TASK:
Would you please retype, exactly, the lines of the listing below between the line with "model-wearing-undercontrol-brand-rib-pattern-knit-beanie-photo" and the line with "A welcome sign", inclusive?

DATA FOR ANALYSIS:

=======

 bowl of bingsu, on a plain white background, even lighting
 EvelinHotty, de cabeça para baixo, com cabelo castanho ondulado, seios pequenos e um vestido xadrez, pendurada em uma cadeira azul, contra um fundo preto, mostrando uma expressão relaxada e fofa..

=======

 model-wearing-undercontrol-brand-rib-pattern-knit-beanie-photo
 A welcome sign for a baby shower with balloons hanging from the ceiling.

=======

ANSWER SECTION:
 model-wearing-undercontrol-brand-rib-pattern-knit-beanie-photo
 A welcome sign for a baby shower with balloons hanging from the ceiling.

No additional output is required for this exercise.